** Opening Source material block **

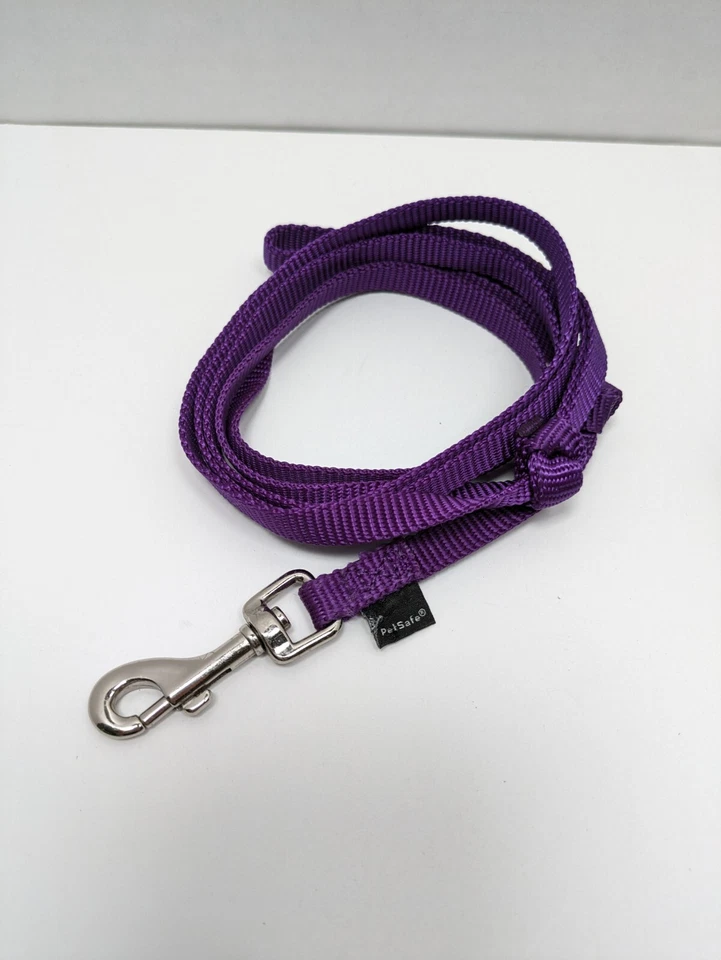Collar de perro Blueberry Pet PEQUEÑO hebilla y correa segura para mascotas tejido púrpura negro usado en excelente estado Foto 4 de 4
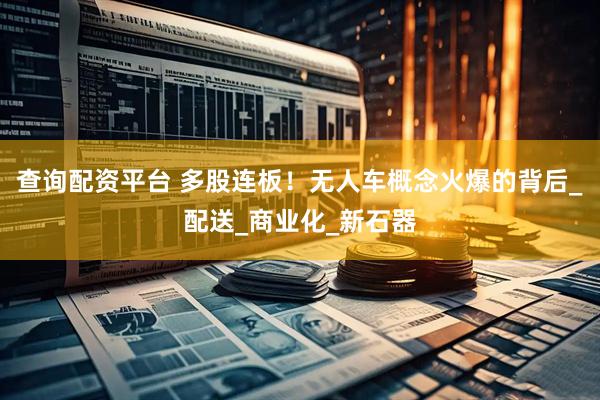 查询配资平台 多股连板！无人车概念火爆的背后_配送_商业化_新石器
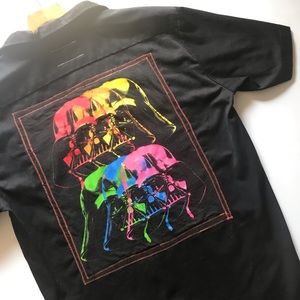 🛑 SOLD 🛑 darth vader dickies button up shirt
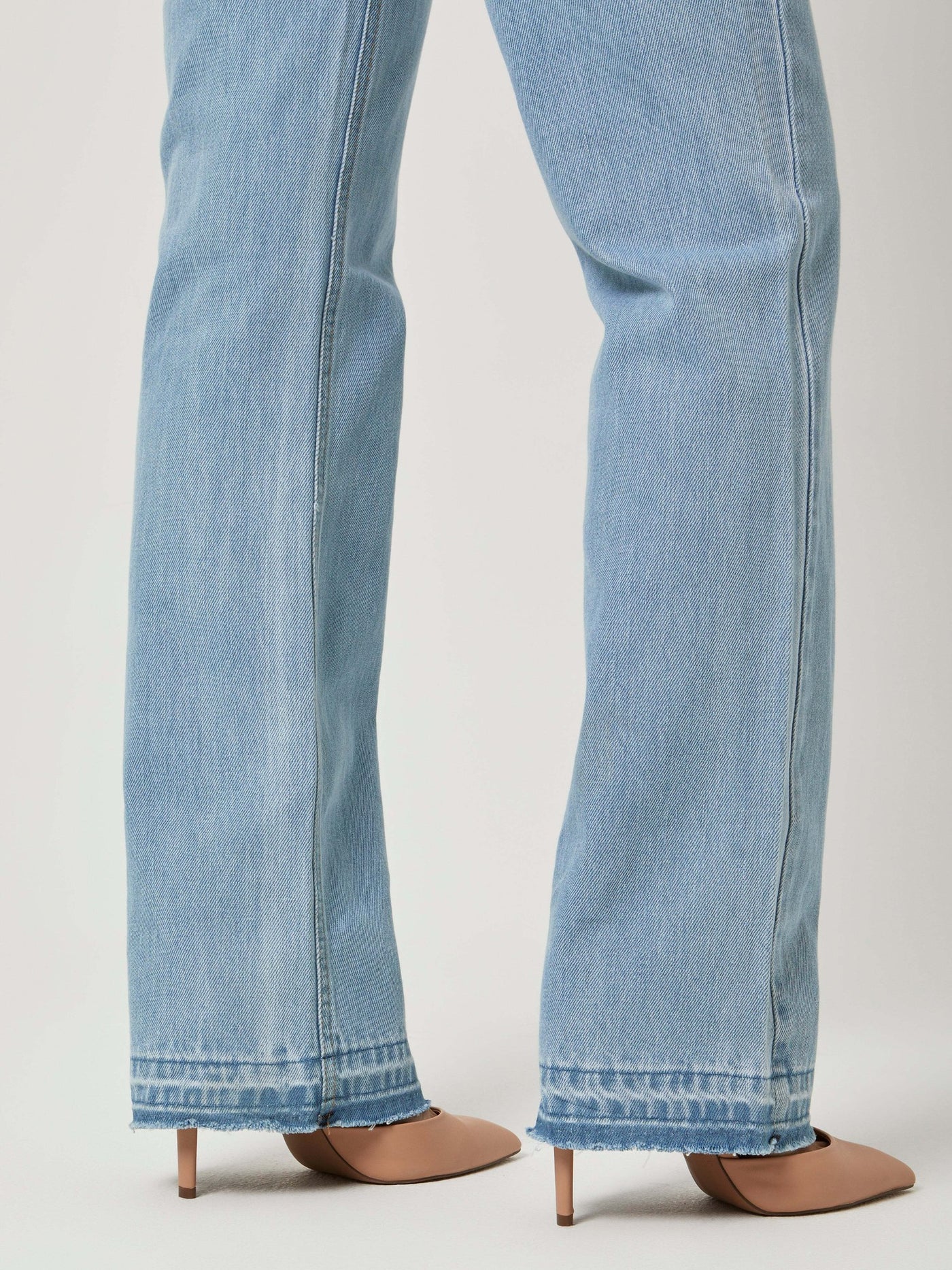 Jeans - High Waist - Straight Leg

** Closing Source material block **

Exercise description
Copy out the data verbatim, excluding the pictures.

Exercise response
Collar de perro Blueberry Pet PEQUEÑO hebilla y correa segura para mascotas tejido púrpura negro usado en excelente estado Foto 4 de 4
 查询配资平台 多股连板！无人车概念火爆的背后_配送_商业化_新石器
 🛑 SOLD 🛑 darth vader dickies button up shirt
 Jeans - High Waist - Straight Leg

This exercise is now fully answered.